Mas há uma estratégia: enviar um tipo de leitura que combine com o perfil de determinado influenciador, cuidado que outras empresas do setor também adotam, como o clube de livros TAG — Experiências Literárias, de Porto Alegre, com 10 anos recém- completados.
Sócia e diretora de marketing da TAG, Laura Zuanazzi conta que esse tipo de parceria surgiu para eles em 2019, quando chamaram a influenciadora Jout Jout para ser embaixadora da campanha Um Livro por Mês.
— A gente focava influenciadores de lifestyle como a Jout Jout, mas depois entendemos que havia uma riqueza muito grande em focar diretamente os influenciadores de livros. Porque eles amam a literatura e agregam muito valor ao conteúdo criado — diz.
Para Laura, a linguagem simples dos influenciadores literários democratiza a reflexão sobre livros e literatura. Como a editora fornece cupom aos influenciadores para que eles repassem a seus seguidores, a TAG consegue calcular o impacto dessa parceria: passa de 20% a representatividade deles nas vendas da editora.
— A gente fala que os influenciadores ajudam a tirar a literatura do pedestal. Não tem aquela coisa do "eu sou leitor e estou em um nível diferente de outras pessoas". Se a pessoa ainda não lê, é porque não encontrou a sua paixão na literatura. E os influenciadores de livros ajudam as pessoas a entender o tipo de livro que vão gostar de ler — considera.
Alcançando o público mais novo e hiperconectado
Um dos pontos mais elogiados na ação dos influenciadores de livros é que eles alcançam o público mais novo e hiperconectado, como observa Rafaella Machado, editora-executiva da Galera e da Verus, selos juvenis do Grupo Editorial Record, uma das editoras mais antigas do país, no mercado desde 1942.

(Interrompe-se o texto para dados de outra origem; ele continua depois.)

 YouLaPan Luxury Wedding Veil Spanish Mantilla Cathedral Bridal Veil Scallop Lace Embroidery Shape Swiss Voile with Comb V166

Inclusive, a mais recente edição da pesquisa Retratos da Leitura no Brasil contraria o estereótipo de que os jovens não leem: o percentual de leitores entre as crianças de 11 a 13 anos é de 81%; entre as de 14 a 17, é de 62%. Conforme a idade avança, a taxa vai caindo. Entre as pessoas de 30 a 39 anos, apenas 45% são leitores; entre as de 40 a 49 anos, 41%.
— Quem não está lendo são os adultos. — diz Rafaella. — O jovem lê, participa e é supervocal na divulgação de livros. Quando falamos de literatura jovem, temos que falar da formação do hábito de leitura e precisamos das pessoas que vão panfletar essas histórias, panfletar essas sagas literárias que tanto atraem os jovens.

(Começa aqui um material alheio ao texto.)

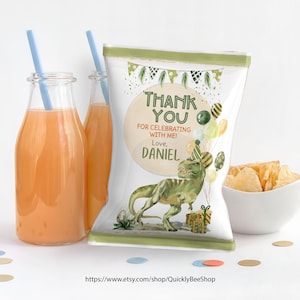 May include: Green and brown dinosaur party favor bags with a thank you message, a dinosaur illustration, and balloons. The text reads "Thank You for celebrating with me! Love, Daniel".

Contudo, a editora-executiva da Galera e da Verus enxerga um limite na parceria com os influenciadores. Acredita que, conforme aumente o conteúdo pago pelas editoras e diminua o orgânico (feito despretensiosamente, sem intenção de viralizar), há chance de que os influenciadores de livros percam sua potência de inspirar.
— Na medida em que há muita gente fazendo publi, a tendência é que isso engaje menos. Acho que o leitor quer uma opinião sincera sobre aquele livro. No começo, havia pessoas anônimas falando sobre livros de forma despretensiosa. A partir do momento em que isso vira modus operandi, vai saturar. E vamos ter que achar outra forma das boas histórias circularem.